(Stored data Opens)
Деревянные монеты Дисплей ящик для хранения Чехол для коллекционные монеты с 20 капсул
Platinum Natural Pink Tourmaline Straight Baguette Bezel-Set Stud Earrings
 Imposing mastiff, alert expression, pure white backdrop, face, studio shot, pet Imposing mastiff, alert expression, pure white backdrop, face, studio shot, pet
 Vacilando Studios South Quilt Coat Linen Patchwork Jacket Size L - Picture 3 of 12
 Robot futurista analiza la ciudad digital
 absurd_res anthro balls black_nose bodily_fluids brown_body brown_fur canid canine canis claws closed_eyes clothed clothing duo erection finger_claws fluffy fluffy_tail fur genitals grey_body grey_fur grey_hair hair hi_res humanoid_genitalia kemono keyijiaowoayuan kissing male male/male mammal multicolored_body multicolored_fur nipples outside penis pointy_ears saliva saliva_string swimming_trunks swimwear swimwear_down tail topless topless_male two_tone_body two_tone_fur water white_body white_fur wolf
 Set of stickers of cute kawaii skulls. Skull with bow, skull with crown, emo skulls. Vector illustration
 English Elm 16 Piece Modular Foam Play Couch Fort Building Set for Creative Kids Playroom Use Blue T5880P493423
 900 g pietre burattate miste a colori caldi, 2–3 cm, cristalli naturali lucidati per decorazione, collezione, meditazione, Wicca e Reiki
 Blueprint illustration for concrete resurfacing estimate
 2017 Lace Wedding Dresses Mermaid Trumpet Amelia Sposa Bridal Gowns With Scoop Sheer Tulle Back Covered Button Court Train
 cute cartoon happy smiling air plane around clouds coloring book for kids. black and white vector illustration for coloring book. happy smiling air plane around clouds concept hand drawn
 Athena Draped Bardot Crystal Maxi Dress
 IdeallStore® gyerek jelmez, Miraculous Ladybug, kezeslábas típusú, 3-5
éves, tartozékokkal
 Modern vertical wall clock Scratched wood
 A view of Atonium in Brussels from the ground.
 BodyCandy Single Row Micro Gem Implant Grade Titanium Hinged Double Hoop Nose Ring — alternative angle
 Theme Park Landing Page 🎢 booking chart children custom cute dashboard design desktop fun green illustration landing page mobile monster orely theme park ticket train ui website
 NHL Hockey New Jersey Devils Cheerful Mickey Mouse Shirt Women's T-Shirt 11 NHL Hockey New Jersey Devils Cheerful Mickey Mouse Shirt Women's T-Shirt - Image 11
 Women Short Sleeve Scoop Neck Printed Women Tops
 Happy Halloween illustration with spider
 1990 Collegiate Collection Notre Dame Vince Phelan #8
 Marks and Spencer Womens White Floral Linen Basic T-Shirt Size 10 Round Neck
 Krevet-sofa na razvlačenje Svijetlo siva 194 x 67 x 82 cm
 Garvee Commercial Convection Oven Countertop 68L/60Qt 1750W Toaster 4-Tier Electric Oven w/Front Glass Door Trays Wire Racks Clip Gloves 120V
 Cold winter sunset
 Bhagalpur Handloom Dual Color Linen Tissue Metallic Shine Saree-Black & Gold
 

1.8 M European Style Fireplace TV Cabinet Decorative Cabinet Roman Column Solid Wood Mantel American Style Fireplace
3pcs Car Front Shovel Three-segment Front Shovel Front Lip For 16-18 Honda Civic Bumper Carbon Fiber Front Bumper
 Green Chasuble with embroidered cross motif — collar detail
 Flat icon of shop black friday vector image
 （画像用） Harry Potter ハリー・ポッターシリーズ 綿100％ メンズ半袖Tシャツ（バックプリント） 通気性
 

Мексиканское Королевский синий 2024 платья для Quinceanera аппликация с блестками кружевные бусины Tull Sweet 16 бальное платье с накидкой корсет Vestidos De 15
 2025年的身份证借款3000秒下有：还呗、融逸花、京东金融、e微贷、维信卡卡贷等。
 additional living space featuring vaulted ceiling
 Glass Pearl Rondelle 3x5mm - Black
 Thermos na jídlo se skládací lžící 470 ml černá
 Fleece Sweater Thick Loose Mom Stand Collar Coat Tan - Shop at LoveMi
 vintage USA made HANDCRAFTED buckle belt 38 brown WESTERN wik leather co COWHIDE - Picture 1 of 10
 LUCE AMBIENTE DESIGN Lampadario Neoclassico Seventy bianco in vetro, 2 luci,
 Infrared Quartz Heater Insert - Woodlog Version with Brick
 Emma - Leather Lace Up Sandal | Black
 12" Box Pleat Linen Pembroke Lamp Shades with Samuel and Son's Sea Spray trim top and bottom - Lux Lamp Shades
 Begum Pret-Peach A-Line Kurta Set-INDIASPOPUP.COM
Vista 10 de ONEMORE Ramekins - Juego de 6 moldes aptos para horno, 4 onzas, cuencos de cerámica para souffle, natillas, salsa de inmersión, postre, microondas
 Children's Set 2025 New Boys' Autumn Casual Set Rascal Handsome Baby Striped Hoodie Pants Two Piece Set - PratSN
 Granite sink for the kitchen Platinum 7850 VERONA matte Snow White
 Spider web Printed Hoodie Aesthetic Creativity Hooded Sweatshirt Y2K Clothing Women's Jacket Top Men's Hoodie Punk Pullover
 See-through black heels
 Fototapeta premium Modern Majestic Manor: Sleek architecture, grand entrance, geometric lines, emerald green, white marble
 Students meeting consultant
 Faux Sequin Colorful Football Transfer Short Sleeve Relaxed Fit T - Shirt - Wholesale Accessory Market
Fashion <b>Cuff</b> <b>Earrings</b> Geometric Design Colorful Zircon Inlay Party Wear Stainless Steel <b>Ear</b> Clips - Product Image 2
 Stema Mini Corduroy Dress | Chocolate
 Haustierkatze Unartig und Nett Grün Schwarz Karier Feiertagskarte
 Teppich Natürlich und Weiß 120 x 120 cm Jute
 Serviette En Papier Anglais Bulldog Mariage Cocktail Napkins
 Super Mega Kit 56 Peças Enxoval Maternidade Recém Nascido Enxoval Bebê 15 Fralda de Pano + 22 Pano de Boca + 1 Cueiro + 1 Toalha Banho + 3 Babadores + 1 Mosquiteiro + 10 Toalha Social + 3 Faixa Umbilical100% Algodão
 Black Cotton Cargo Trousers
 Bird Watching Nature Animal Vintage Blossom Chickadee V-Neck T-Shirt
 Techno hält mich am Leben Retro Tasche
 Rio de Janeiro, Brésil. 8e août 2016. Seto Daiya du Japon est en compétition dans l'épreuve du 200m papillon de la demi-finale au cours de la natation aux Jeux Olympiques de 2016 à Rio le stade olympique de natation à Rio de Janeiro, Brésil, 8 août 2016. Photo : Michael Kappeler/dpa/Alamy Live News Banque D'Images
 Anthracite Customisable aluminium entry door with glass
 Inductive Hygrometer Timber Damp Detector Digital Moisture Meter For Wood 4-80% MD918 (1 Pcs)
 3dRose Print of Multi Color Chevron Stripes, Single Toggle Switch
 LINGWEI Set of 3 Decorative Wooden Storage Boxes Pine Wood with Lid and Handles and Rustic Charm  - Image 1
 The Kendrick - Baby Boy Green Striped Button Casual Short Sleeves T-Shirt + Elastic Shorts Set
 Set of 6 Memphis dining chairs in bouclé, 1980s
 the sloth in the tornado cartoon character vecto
(Stored data Closes)
_Task prompt:_ Please retype every entry above exactly as it stands.

_Solution for this exercise:_
Деревянные монеты Дисплей ящик для хранения Чехол для коллекционные монеты с 20 капсул
Platinum Natural Pink Tourmaline Straight Baguette Bezel-Set Stud Earrings
 Imposing mastiff, alert expression, pure white backdrop, face, studio shot, pet Imposing mastiff, alert expression, pure white backdrop, face, studio shot, pet
 Vacilando Studios South Quilt Coat Linen Patchwork Jacket Size L - Picture 3 of 12
 Robot futurista analiza la ciudad digital
 absurd_res anthro balls black_nose bodily_fluids brown_body brown_fur canid canine canis claws closed_eyes clothed clothing duo erection finger_claws fluffy fluffy_tail fur genitals grey_body grey_fur grey_hair hair hi_res humanoid_genitalia kemono keyijiaowoayuan kissing male male/male mammal multicolored_body multicolored_fur nipples outside penis pointy_ears saliva saliva_string swimming_trunks swimwear swimwear_down tail topless topless_male two_tone_body two_tone_fur water white_body white_fur wolf
 Set of stickers of cute kawaii skulls. Skull with bow, skull with crown, emo skulls. Vector illustration
 English Elm 16 Piece Modular Foam Play Couch Fort Building Set for Creative Kids Playroom Use Blue T5880P493423
 900 g pietre burattate miste a colori caldi, 2–3 cm, cristalli naturali lucidati per decorazione, collezione, meditazione, Wicca e Reiki
 Blueprint illustration for concrete resurfacing estimate
 2017 Lace Wedding Dresses Mermaid Trumpet Amelia Sposa Bridal Gowns With Scoop Sheer Tulle Back Covered Button Court Train
 cute cartoon happy smiling air plane around clouds coloring book for kids. black and white vector illustration for coloring book. happy smiling air plane around clouds concept hand drawn
 Athena Draped Bardot Crystal Maxi Dress
 IdeallStore® gyerek jelmez, Miraculous Ladybug, kezeslábas típusú, 3-5
éves, tartozékokkal
 Modern vertical wall clock Scratched wood
 A view of Atonium in Brussels from the ground.
 BodyCandy Single Row Micro Gem Implant Grade Titanium Hinged Double Hoop Nose Ring — alternative angle
 Theme Park Landing Page 🎢 booking chart children custom cute dashboard design desktop fun green illustration landing page mobile monster orely theme park ticket train ui website
 NHL Hockey New Jersey Devils Cheerful Mickey Mouse Shirt Women's T-Shirt 11 NHL Hockey New Jersey Devils Cheerful Mickey Mouse Shirt Women's T-Shirt - Image 11
 Women Short Sleeve Scoop Neck Printed Women Tops
 Happy Halloween illustration with spider
 1990 Collegiate Collection Notre Dame Vince Phelan #8
 Marks and Spencer Womens White Floral Linen Basic T-Shirt Size 10 Round Neck
 Krevet-sofa na razvlačenje Svijetlo siva 194 x 67 x 82 cm
 Garvee Commercial Convection Oven Countertop 68L/60Qt 1750W Toaster 4-Tier Electric Oven w/Front Glass Door Trays Wire Racks Clip Gloves 120V
 Cold winter sunset
 Bhagalpur Handloom Dual Color Linen Tissue Metallic Shine Saree-Black & Gold
 

1.8 M European Style Fireplace TV Cabinet Decorative Cabinet Roman Column Solid Wood Mantel American Style Fireplace
3pcs Car Front Shovel Three-segment Front Shovel Front Lip For 16-18 Honda Civic Bumper Carbon Fiber Front Bumper
 Green Chasuble with embroidered cross motif — collar detail
 Flat icon of shop black friday vector image
 （画像用） Harry Potter ハリー・ポッターシリーズ 綿100％ メンズ半袖Tシャツ（バックプリント） 通気性
 

Мексиканское Королевский синий 2024 платья для Quinceanera аппликация с блестками кружевные бусины Tull Sweet 16 бальное платье с накидкой корсет Vestidos De 15
 2025年的身份证借款3000秒下有：还呗、融逸花、京东金融、e微贷、维信卡卡贷等。
 additional living space featuring vaulted ceiling
 Glass Pearl Rondelle 3x5mm - Black
 Thermos na jídlo se skládací lžící 470 ml černá
 Fleece Sweater Thick Loose Mom Stand Collar Coat Tan - Shop at LoveMi
 vintage USA made HANDCRAFTED buckle belt 38 brown WESTERN wik leather co COWHIDE - Picture 1 of 10
 LUCE AMBIENTE DESIGN Lampadario Neoclassico Seventy bianco in vetro, 2 luci,
 Infrared Quartz Heater Insert - Woodlog Version with Brick
 Emma - Leather Lace Up Sandal | Black
 12" Box Pleat Linen Pembroke Lamp Shades with Samuel and Son's Sea Spray trim top and bottom - Lux Lamp Shades
 Begum Pret-Peach A-Line Kurta Set-INDIASPOPUP.COM
Vista 10 de ONEMORE Ramekins - Juego de 6 moldes aptos para horno, 4 onzas, cuencos de cerámica para souffle, natillas, salsa de inmersión, postre, microondas
 Children's Set 2025 New Boys' Autumn Casual Set Rascal Handsome Baby Striped Hoodie Pants Two Piece Set - PratSN
 Granite sink for the kitchen Platinum 7850 VERONA matte Snow White
 Spider web Printed Hoodie Aesthetic Creativity Hooded Sweatshirt Y2K Clothing Women's Jacket Top Men's Hoodie Punk Pullover
 See-through black heels
 Fototapeta premium Modern Majestic Manor: Sleek architecture, grand entrance, geometric lines, emerald green, white marble
 Students meeting consultant
 Faux Sequin Colorful Football Transfer Short Sleeve Relaxed Fit T - Shirt - Wholesale Accessory Market
Fashion <b>Cuff</b> <b>Earrings</b> Geometric Design Colorful Zircon Inlay Party Wear Stainless Steel <b>Ear</b> Clips - Product Image 2
 Stema Mini Corduroy Dress | Chocolate
 Haustierkatze Unartig und Nett Grün Schwarz Karier Feiertagskarte
 Teppich Natürlich und Weiß 120 x 120 cm Jute
 Serviette En Papier Anglais Bulldog Mariage Cocktail Napkins
 Super Mega Kit 56 Peças Enxoval Maternidade Recém Nascido Enxoval Bebê 15 Fralda de Pano + 22 Pano de Boca + 1 Cueiro + 1 Toalha Banho + 3 Babadores + 1 Mosquiteiro + 10 Toalha Social + 3 Faixa Umbilical100% Algodão
 Black Cotton Cargo Trousers
 Bird Watching Nature Animal Vintage Blossom Chickadee V-Neck T-Shirt
 Techno hält mich am Leben Retro Tasche
 Rio de Janeiro, Brésil. 8e août 2016. Seto Daiya du Japon est en compétition dans l'épreuve du 200m papillon de la demi-finale au cours de la natation aux Jeux Olympiques de 2016 à Rio le stade olympique de natation à Rio de Janeiro, Brésil, 8 août 2016. Photo : Michael Kappeler/dpa/Alamy Live News Banque D'Images
 Anthracite Customisable aluminium entry door with glass
 Inductive Hygrometer Timber Damp Detector Digital Moisture Meter For Wood 4-80% MD918 (1 Pcs)
 3dRose Print of Multi Color Chevron Stripes, Single Toggle Switch
 LINGWEI Set of 3 Decorative Wooden Storage Boxes Pine Wood with Lid and Handles and Rustic Charm  - Image 1
 The Kendrick - Baby Boy Green Striped Button Casual Short Sleeves T-Shirt + Elastic Shorts Set
 Set of 6 Memphis dining chairs in bouclé, 1980s
 the sloth in the tornado cartoon character vecto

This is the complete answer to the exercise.